4.7 GOpt/s was given for GeForce8800GTX, counting each input index as two options, since both call and put is calculated. Sorry for the confusion.
BlackScholes CUDA SDK sample currently reports effective 4.45 Gopt/s, which is slightly lower than 4.7 Gopt/s, but the primary goal of the sample is to be a simple demonstration of a streaming application.
As for optimization, here are some general recommendations:
- Warp occupancy can be increased with the help of -po maxrregcount=<…> Depending on how many threads per block you shoot for, optimal register count may vary, so by default the compiler doesn’t try to minimize local register count as much as it can. But with this option the compiler is forced to stay on the budget. However be warned that too low maxrregcount can force local memory spills, in many cases slowing things down in spite of increased warp occupancy.

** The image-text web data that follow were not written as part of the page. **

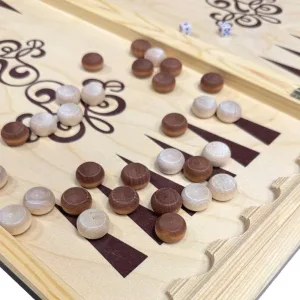 Набір шашки та нарди дерев'яні, розмір 60х60 см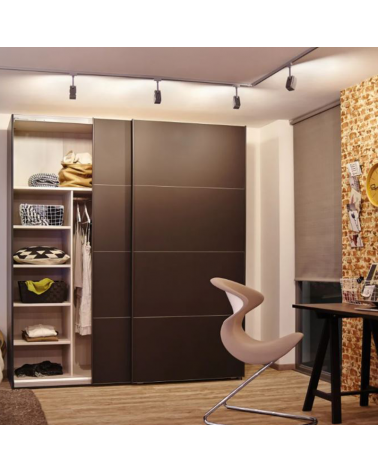 17.5cm 5W LED track spotlight in matt chrome metal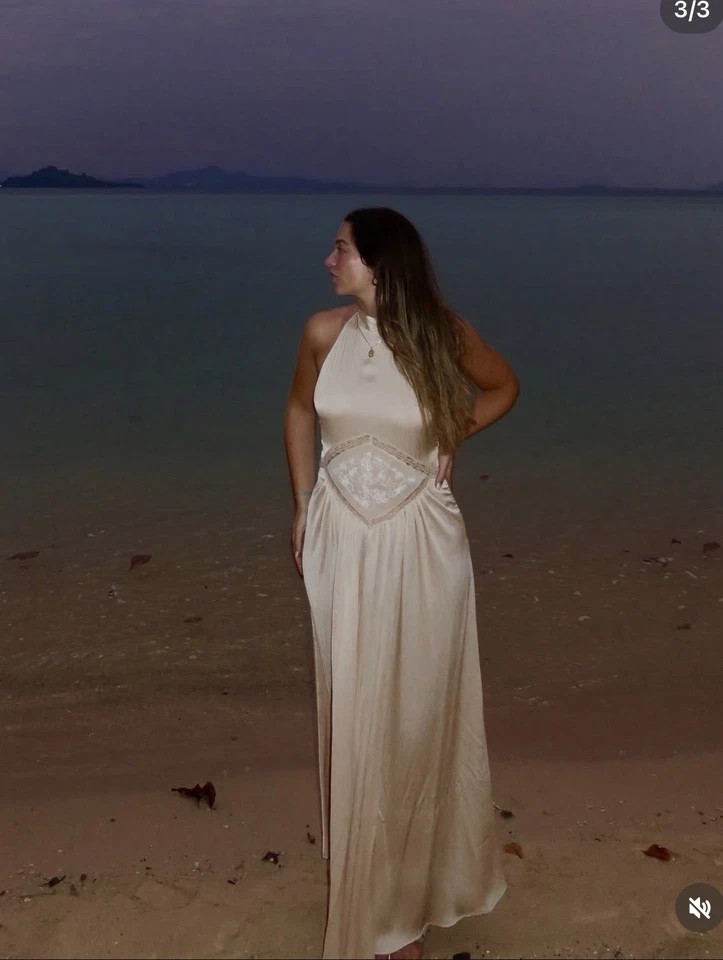 Zara Mid Ecru Flared Halter Embroidered Midi/Long Dress Size M Ref 4813/823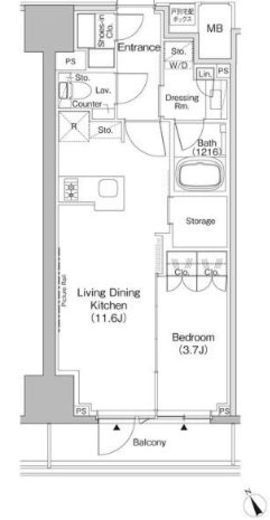 ザ・パークハビオ日本橋茅場町　807号室　間取り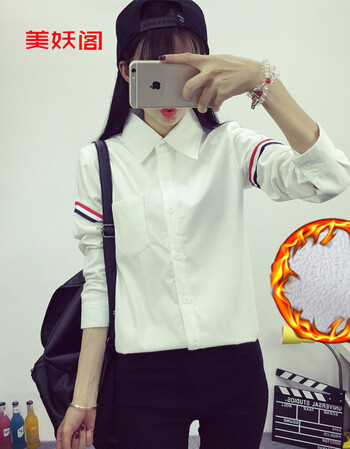 美妖阁     2016秋冬新款韩版衬衫女加绒加厚学院风学生打底衫 白色 M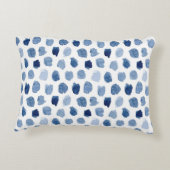 ブルーウォーターカラードット枕16x12 アクセントクッション (裏面)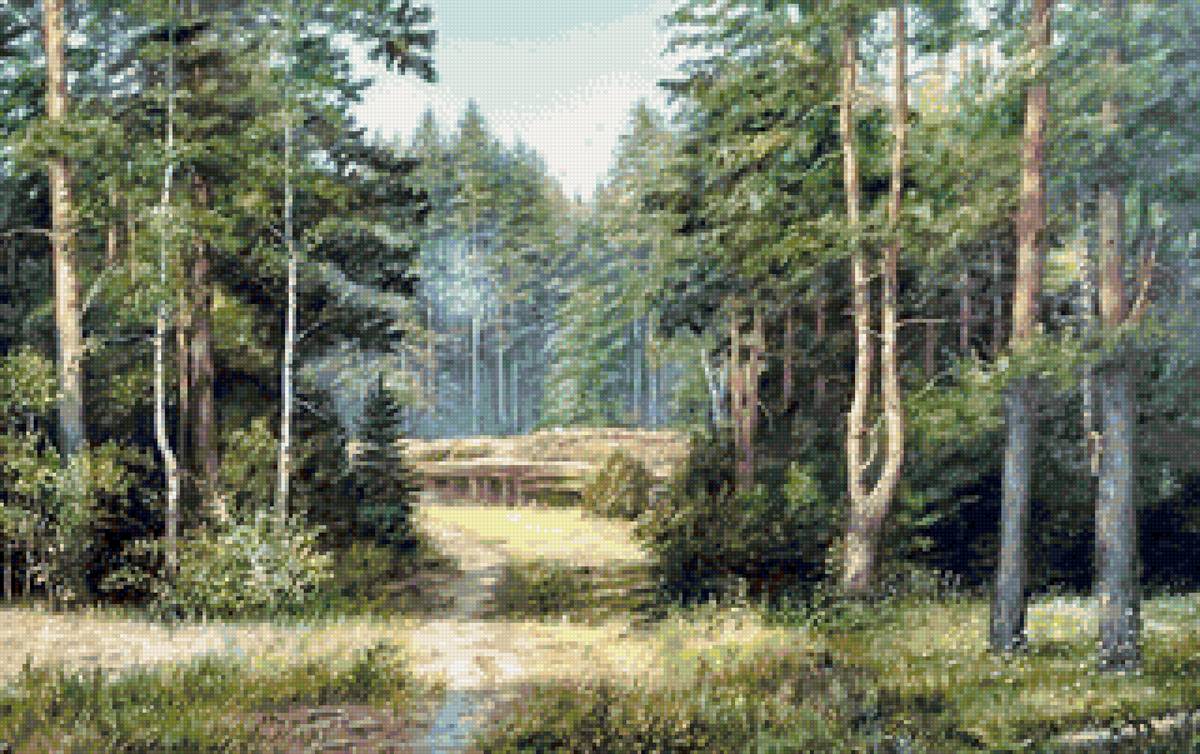 Худ. Куликов Владимир. - лето, река, природа, пейзаж, лес - предпросмотр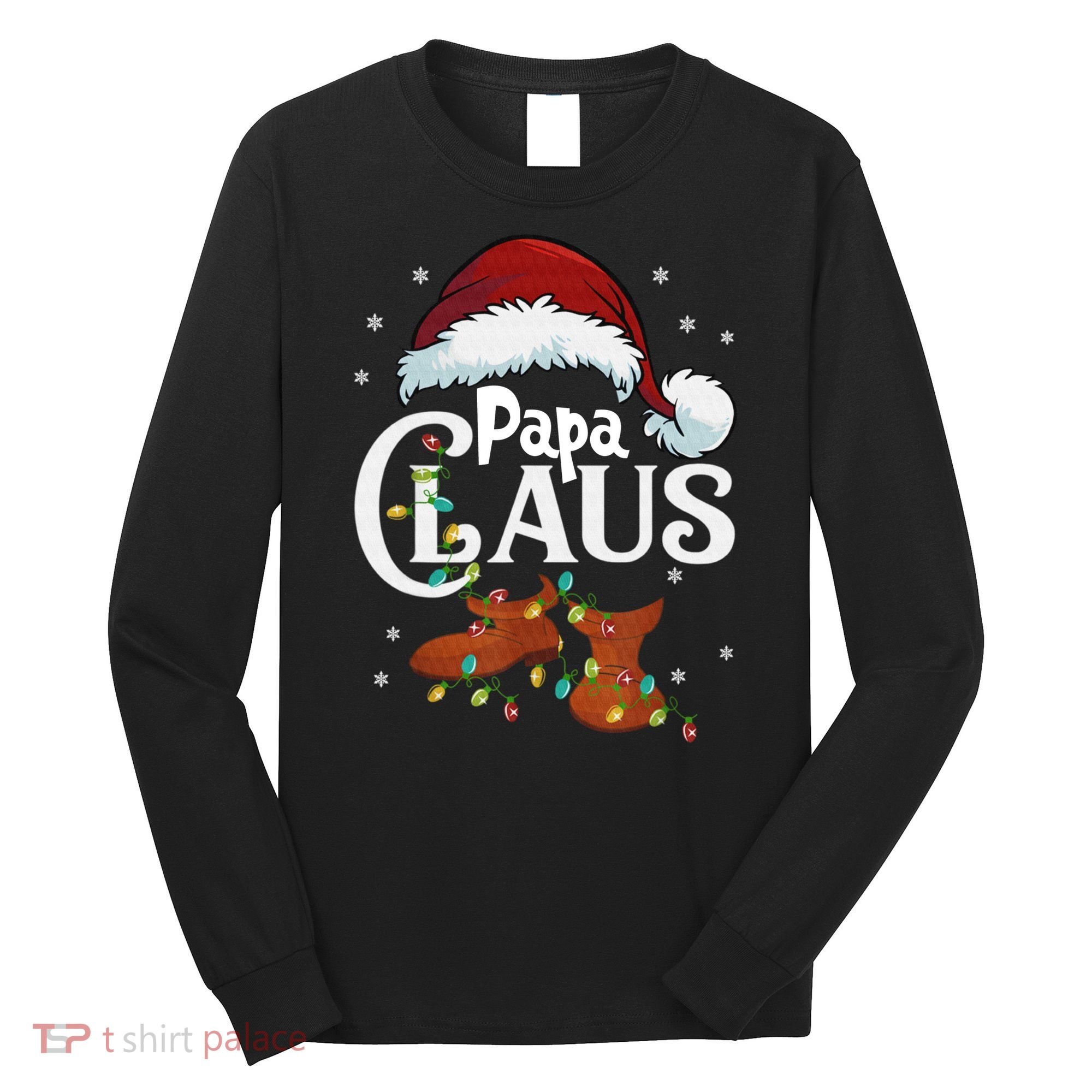 Papa Claus Santa Hat Matching Christmas Family Group Long Sleeve Shirt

- Synchronization overhead and timing precision, depending on OS/CPU/chipset, can influence observed performance. So doing multiple iterations, measuring total time and dividing by the number of iterations should give more precise results. This is especially important in Linux, where depending on the kernel build version timer resolution (gettimeofday() sys. call) can be as low as 100Hz (10ms)
Concerning timing, the profiler (enabled with environment variable CUDA_PROFILE=1) reports kernel and memcpy times using high-precision internal GPU timers (in addition to CPU ones) without any need in cudaThreadSynchronize() call in user programs. There are plans to expose these timers in CUDA API.